Rotary broaching requires two tooling components: a tool holder and a broach. The leading (cutting) edge of the broach has a contour matching the desired final shape. The broach is mounted in a special tool holder that allows it to freely rotate. The tool holder is special because it holds the tool so that its axis of rotation is inclined slightly to the axis of rotation of the work. A typical value for this misalignment is 1°. This angle is what produces a rotating edge for the broach to cut the workpiece. Either the workpiece or the tool holder is rotated. If the tool holder is rotated, the misalignment causes the broach to appear as though it is "wobbling", which is the origin of the term wobble broach.

For internal broaching the sides of the broach are drafted inward so it becomes thinner; for external broaching the sides are drafted outward, to make the pocket bigger. This draft keeps the broach from jamming; the draft must be larger than the angle of misalignment. If the work piece rotates, the broach is pressed against it, is driven by it, and rotates synchronously with it. If the tool holder rotates, the broach is pressed against the workpiece, but is driven by the tool holder.

Ideally the tool advances at the same rate that it cuts. The ideal rate of cut is defined as:

Rate of cut [inches per rotation (IPR)] = (diameter of tool [inches]) × sin(Angle of misalignment [degrees])

If it advances much faster, then the tool becomes choked; conversely, if it advances much slower, then an interrupted or zig-zag cut occurs. In practice the rate of cut is slightly less than the ideal rate so that the load is released on the non-cutting edge of the tool.

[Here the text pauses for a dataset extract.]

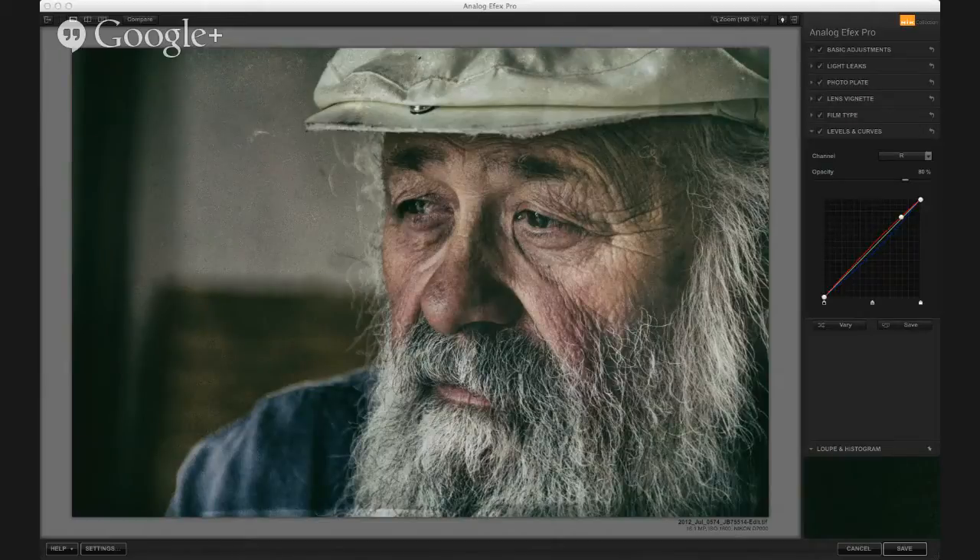I am really enjoying Analog Effects Pro. I wanted to show you real quick behind this image — great fun processing it tonight and learning a little bit more about Analog Effects Pro. So I thought I'd share what I learned.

There is some spiraling of the tool as it cuts, so the form at the bottom of the workpiece may be rotated with respect to the form at the top of the hole or profile. Spiraling may be undesirable because it binds the body of the tool and prevents it from cutting sharply. One solution to this is to reverse the rotation in mid cut, causing the tool to spiral in the opposite direction. If reversing the machine is not practical, then interrupting the cut is another possible solution.

In general, a rotary broach will not cut as accurately as a push or pull broach. However, the ability to use this type of cutting tool on common machine tools is highly advantageous. In addition, push or pull broaches cannot be used in a blind hole, while a rotary broach can, as long as there is sufficient space for chips at the bottom of the hole.